▸ **TASK BRIEF**:
Please give back only the lines below from the one containing "A group of smiling" to the one containing "Artisan 7 Piece", each repeated word for word, both ends included.

▸ **Extracted data entries**:
>>>

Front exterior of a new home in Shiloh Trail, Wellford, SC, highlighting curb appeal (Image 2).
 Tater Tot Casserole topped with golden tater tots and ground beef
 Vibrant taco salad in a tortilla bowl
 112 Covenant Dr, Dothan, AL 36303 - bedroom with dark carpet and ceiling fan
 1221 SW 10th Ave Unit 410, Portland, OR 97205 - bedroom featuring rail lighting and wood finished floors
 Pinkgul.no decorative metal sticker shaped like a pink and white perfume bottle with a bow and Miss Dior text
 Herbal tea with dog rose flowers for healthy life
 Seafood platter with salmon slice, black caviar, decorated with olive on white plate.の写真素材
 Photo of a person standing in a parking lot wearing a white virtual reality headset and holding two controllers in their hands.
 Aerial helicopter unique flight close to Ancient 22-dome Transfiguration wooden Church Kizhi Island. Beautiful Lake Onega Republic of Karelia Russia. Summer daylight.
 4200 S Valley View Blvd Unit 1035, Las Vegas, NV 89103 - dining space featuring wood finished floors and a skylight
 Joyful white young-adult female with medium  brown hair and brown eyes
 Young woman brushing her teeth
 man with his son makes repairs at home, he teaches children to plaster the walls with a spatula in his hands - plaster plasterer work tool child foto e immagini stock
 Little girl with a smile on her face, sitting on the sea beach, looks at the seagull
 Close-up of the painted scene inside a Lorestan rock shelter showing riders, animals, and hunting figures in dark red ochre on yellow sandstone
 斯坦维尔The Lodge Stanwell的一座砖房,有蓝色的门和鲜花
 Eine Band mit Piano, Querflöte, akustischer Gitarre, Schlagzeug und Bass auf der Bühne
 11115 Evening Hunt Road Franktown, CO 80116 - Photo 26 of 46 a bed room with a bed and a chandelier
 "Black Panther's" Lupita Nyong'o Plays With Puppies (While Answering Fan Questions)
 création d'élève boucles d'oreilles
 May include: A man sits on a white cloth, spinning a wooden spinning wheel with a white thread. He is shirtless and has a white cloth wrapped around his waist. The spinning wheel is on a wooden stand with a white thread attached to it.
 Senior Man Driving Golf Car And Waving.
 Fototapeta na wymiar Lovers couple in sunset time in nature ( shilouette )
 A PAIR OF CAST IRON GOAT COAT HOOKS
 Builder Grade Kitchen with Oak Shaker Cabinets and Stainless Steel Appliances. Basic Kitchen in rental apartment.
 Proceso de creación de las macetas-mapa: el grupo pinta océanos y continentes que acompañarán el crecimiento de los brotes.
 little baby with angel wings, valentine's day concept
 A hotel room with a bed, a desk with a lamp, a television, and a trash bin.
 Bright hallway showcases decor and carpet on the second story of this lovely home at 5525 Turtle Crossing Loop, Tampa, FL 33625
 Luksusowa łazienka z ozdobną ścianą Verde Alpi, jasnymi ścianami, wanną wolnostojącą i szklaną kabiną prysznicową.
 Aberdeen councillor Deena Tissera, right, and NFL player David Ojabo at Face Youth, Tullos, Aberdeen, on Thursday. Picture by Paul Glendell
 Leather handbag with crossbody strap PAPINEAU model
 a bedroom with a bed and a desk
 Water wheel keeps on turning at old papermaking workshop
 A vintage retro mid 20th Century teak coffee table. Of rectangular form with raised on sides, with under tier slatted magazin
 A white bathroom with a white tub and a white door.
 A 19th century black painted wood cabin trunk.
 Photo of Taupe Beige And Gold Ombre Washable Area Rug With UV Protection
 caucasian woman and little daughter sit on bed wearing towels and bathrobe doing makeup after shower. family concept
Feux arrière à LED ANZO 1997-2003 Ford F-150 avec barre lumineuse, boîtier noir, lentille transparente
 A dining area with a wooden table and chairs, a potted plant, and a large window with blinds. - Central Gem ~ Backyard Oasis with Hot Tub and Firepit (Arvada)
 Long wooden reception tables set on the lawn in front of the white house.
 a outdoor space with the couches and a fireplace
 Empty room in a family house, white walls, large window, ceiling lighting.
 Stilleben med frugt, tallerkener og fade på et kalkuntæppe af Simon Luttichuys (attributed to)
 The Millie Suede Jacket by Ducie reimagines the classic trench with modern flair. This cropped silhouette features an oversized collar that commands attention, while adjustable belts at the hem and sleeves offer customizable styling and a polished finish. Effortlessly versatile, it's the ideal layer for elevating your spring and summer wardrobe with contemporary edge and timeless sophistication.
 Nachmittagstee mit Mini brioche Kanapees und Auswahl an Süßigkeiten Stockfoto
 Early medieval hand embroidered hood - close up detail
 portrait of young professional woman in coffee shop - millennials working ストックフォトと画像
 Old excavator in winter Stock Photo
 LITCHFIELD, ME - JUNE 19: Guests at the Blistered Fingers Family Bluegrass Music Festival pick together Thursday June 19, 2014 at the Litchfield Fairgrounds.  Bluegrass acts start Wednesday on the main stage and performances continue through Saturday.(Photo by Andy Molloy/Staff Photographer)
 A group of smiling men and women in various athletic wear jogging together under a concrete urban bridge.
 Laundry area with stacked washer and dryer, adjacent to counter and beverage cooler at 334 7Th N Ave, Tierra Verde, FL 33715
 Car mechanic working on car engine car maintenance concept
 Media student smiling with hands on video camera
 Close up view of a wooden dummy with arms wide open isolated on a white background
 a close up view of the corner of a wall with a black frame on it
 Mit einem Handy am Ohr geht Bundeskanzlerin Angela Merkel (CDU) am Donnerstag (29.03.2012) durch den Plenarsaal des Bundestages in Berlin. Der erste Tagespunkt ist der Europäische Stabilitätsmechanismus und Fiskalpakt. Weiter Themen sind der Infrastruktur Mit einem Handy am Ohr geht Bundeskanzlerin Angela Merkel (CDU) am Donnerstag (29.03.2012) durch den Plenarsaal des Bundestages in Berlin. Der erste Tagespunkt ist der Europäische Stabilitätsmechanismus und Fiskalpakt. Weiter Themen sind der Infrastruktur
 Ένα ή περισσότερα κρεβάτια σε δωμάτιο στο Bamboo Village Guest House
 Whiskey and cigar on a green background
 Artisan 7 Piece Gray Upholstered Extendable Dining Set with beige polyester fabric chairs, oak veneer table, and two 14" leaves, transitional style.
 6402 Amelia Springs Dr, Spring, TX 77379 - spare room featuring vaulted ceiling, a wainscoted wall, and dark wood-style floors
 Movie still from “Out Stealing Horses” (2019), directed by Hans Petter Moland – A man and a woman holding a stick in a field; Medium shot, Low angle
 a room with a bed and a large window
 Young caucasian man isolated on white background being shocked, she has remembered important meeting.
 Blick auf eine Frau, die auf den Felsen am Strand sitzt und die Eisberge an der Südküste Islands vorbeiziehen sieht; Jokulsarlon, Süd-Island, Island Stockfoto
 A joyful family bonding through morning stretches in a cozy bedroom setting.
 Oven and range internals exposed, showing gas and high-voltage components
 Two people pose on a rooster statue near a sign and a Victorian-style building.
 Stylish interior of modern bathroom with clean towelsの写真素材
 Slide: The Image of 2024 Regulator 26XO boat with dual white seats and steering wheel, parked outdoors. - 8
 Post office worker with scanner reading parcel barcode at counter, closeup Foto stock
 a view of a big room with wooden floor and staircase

<<<

▸ **FINISHED EXERCISE**:
 A group of smiling men and women in various athletic wear jogging together under a concrete urban bridge.
 Laundry area with stacked washer and dryer, adjacent to counter and beverage cooler at 334 7Th N Ave, Tierra Verde, FL 33715
 Car mechanic working on car engine car maintenance concept
 Media student smiling with hands on video camera
 Close up view of a wooden dummy with arms wide open isolated on a white background
 a close up view of the corner of a wall with a black frame on it
 Mit einem Handy am Ohr geht Bundeskanzlerin Angela Merkel (CDU) am Donnerstag (29.03.2012) durch den Plenarsaal des Bundestages in Berlin. Der erste Tagespunkt ist der Europäische Stabilitätsmechanismus und Fiskalpakt. Weiter Themen sind der Infrastruktur Mit einem Handy am Ohr geht Bundeskanzlerin Angela Merkel (CDU) am Donnerstag (29.03.2012) durch den Plenarsaal des Bundestages in Berlin. Der erste Tagespunkt ist der Europäische Stabilitätsmechanismus und Fiskalpakt. Weiter Themen sind der Infrastruktur
 Ένα ή περισσότερα κρεβάτια σε δωμάτιο στο Bamboo Village Guest House
 Whiskey and cigar on a green background
 Artisan 7 Piece Gray Upholstered Extendable Dining Set with beige polyester fabric chairs, oak veneer table, and two 14" leaves, transitional style.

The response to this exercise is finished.